Wie so manche große Sache beginnt auch die Erfolgsgeschichte des Miniatur Wunderlands mit einer Vision. Frederik Braun, einer der späteren Gründer, sah bei einem Urlaub in der Schweiz eine Modellbahnanlage. Kurzerhand rief er seinen Zwillingsbruder Gerrit in Hamburg an und erzählte ihm von seiner Idee zum Bau der weltgrößten Modellbahnanlage. Das war im Jahr 2000. Bereits ein Jahr später eröffnete das von den Braun-Brüdern getaufte Miniatur Wunderland seine Tore in der Hamburger Speicherstadt. Was zu diesem Zeitpunkt noch nicht einmal die Macher ahnen konnten: Die Miniaturwelt entwickelte sich zu einem echten Publikumsmagneten, der auch die bis dahin eher gemächlich vor sich dahinvegetierende Speicherstadt zu neuem Leben erweckte.
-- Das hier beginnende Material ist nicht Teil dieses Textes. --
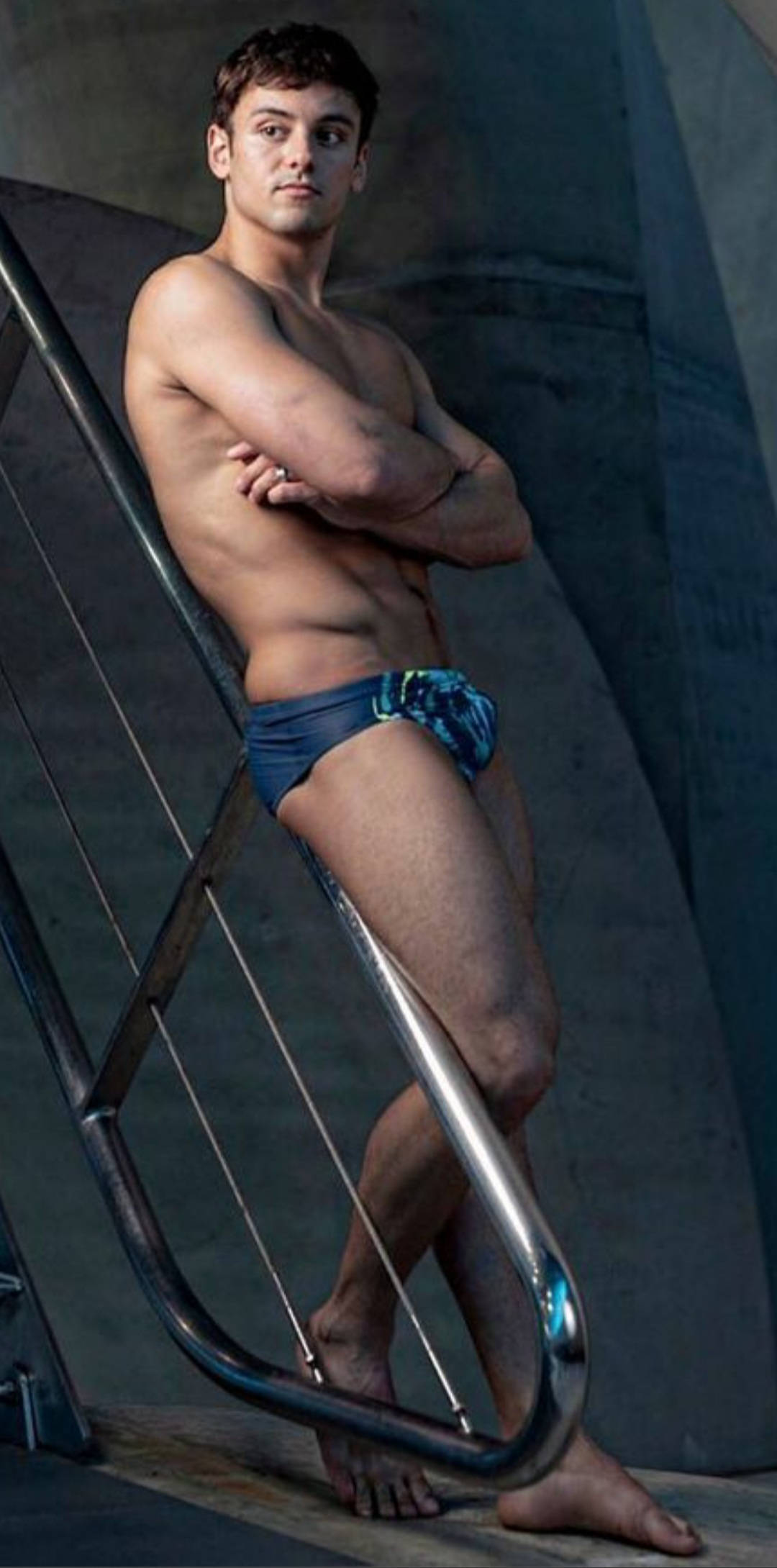 Tom Daley, blue swim trunks, metallic railing, Full HD Phone Wallpaper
Nach vier Jahren wurde bereits der 1.000.000ste Besucher begrüßt, heute sind es schon über 15 Millionen Besucher aus der ganzen Welt. Tendenz weiter steigend. „Diese positive Entwicklung begründet sich aus dem Zusammenspiel mehrerer Faktoren“, erklärt Frederik Braun. „Die Anlage lädt zum Träumen und Beobachten ein, spiegelt Meinungsvielfalt wider und gibt dem Betrachter die Möglichkeit, Teile unserer Welt aus einer völlig anderen Perspektive zu betrachten.“
Die 260.000 Einwohner des Miniatur Wunderlandes wurden von den verschiedenen Mitarbeitern bewusst in Szene gesetzt. Jeder Modellbauer darf sich frei entfalten und einen Teil seiner Beobachtungen und Träume in die Anlage einfließen lassen. In Arbeitsstunden, die in die Hunderttausende gehen, entstand so eine Welt, die dem Original nicht nachsteht. Auch hier gibt es lustige Szenen aus dem Alltag. Genau wie sozialkritische oder aufrüttelnde. Und es sind genau diese Details, die den großen Unterschied machen. Zwar fahren die Züge getreu dem Vorbild, aber die Anlage ist inzwischen mehr als „nur“ eine Modelleisenbahnanlage. Wer eine Zeit an derselben Stelle verweilt, sieht immer wieder neue Szenen. Aber nicht nur die Erschaffung einer eigenen Welt macht das Miniatur Wunderland so einzigartig. Unter den imposanten Landschaften versteckt sich im Modellbau noch nie da gewesener Hightech. „Einer unserer Grundsätze war es schon immer, sich jeder technischen Herausforderung zu stellen, egal, wie aussichtslos sie am Anfang erscheinen mag. Mit dieser Einstellung haben wir es in der Vergangenheit geschafft, Techniken zu kreieren, die die Besucher zum Staunen bringen“, ergänzt Gerrit Braun seinen Bruder. So sorgen beispielsweise 385.000 LED-Lichter, die dynamisch an- und ausgehen, gepaart mit einer eigens entwickelten Lichtsteuerung für eine annähernd perfekte Tag- und Nachtsimulation und über 300 von Computern gesteuerte Autos für große Augen. Das technische Glanzstück ist dabei der Flughafen, auf dem die Flugzeuge nicht nur starten und landen, sondern sich auch auf dem Weg zum Terminal genauso verhalten wie die echten Vorbilder.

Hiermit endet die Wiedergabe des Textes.